Shake starts in Emergency Mode, no ethernet

Hi, I have an RS4D that was working just fine for a year or more and then one day disappeared from our network. The blue, red and occasional green lights are all fine. The ethernet interface lights are on (yellow and green), and our network router shows that a device is connected physically, but the shake does not pick up a network address or communicate.

I have attached a monitor to it and it reboots in “emergency mode”. eth0 shows as inactive. I have tried setting it up with an address etc manually, but although it then shows eth0 as active, it still doesn’t communicate. I have also manually configured the wifi, but neither does it connect.

Without network connection I can’t easily copy the log file to you. I have uploaded a photo of the final part of the boot up sequence in case it is any use.

Any ideas for where to go from here? Thanks.

Alex

Hello Alex, welcome to the community!

It’s the first time I’m seeing this particular issue. The lighting seems to suggest that everything works fine, but what you are experiencing is clearly not. Since it would be difficult, as you say, to send me the logs from this Shake, the fastest solution I can advise is to:

  1. re-burn the ShakeOS on your current microSD card
  2. or get a new microSD (to erase the chance that this one got ruined) and burn the Shake OS there.

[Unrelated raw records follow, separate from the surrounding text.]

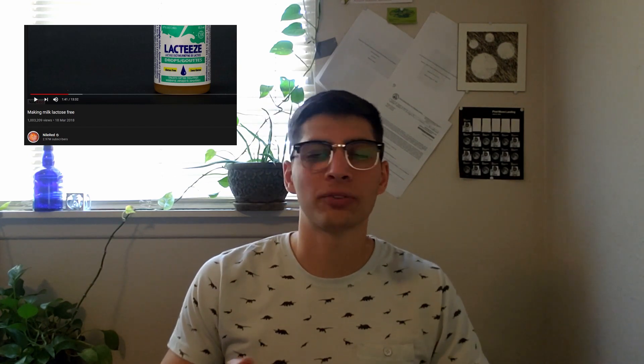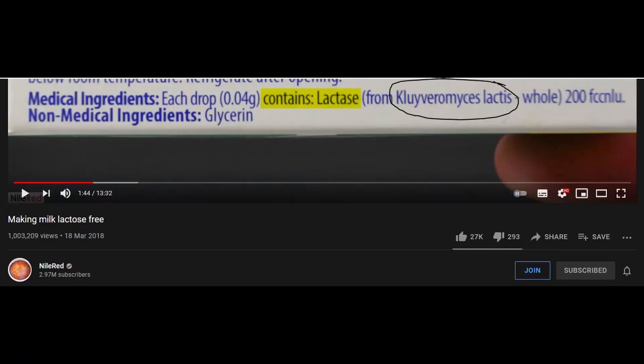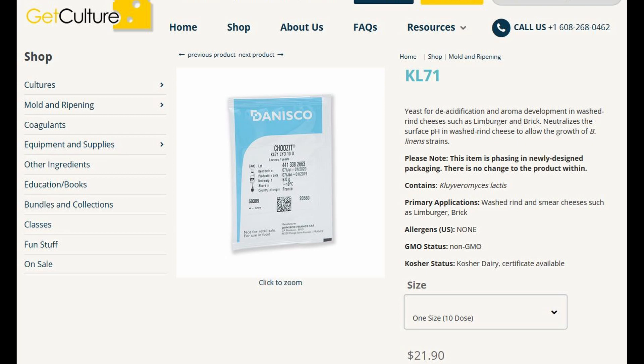This video was originally inspired by a Nile Red video I saw several months ago — he was making lactose-free milk. He used a lactase enzyme product whose ingredient was listed as K-lactase, which stands for Kluyveromyces lactis. It's a species of yeast found in the cheese-making industry that produces excessive amounts of lactase enzyme because lactose is the carbon source it feeds on.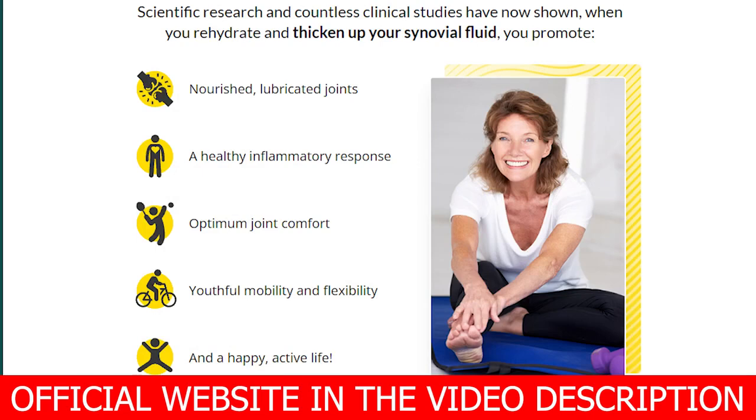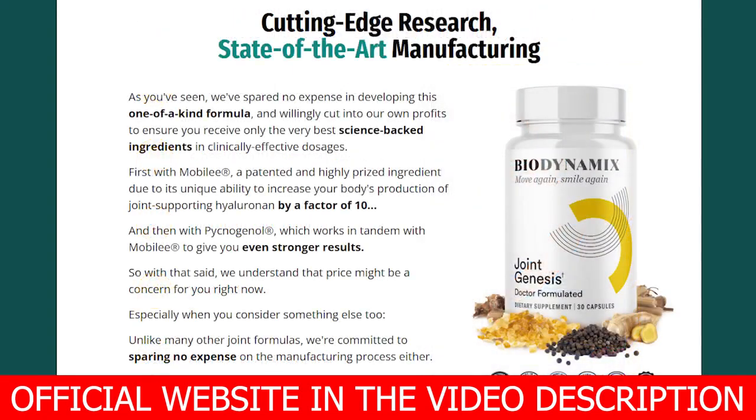Mobilee's hyaluronan is 10 times more effective than standard hyaluronan used in previously successful clinical studies. This helps to quickly lubricate and cushion the joint, nourish the cartilage tissue, and soothe inflammation. To take Joint Genesis, simply take one capsule per day with water, preferably in the morning.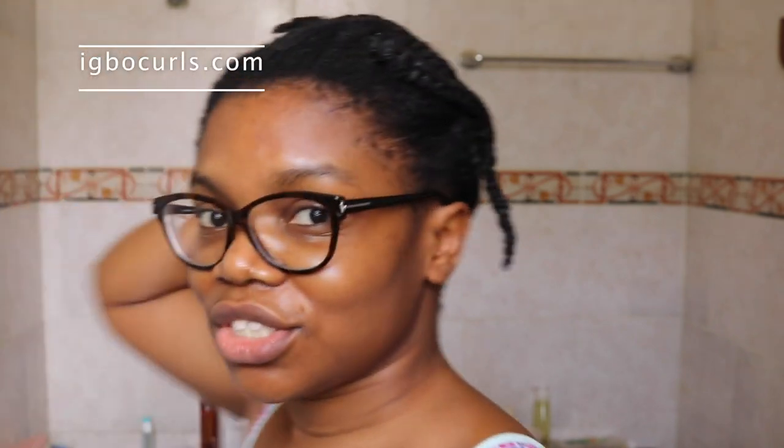I am just taking down my braids and this is what my hair looks like. I always get comments that I don't show what my hair looks like prior to styling — it pretty much just looks like this. Most times I don't bother to moisturize again because my hair is already moisturized. I did a full protein treatment and my hair was properly deep conditioned, so most times my hair is just in protective styles.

In both cases, these are the instructions to prepare the new OS image:

I followed the numbered list points to burn the files on my SD cards, and I have not used Etcher or similar software.

Thank you for your detailed reply. I agree it looks more like a software issue than hardware, and SD cards are not very reliable. I am surprised at a corruption that allows the basic operating system to load and run without giving some serious errors, but it looks like that is what is happening.

I’ll get another SD card and try a fresh install - thanks again for the detailed instructions.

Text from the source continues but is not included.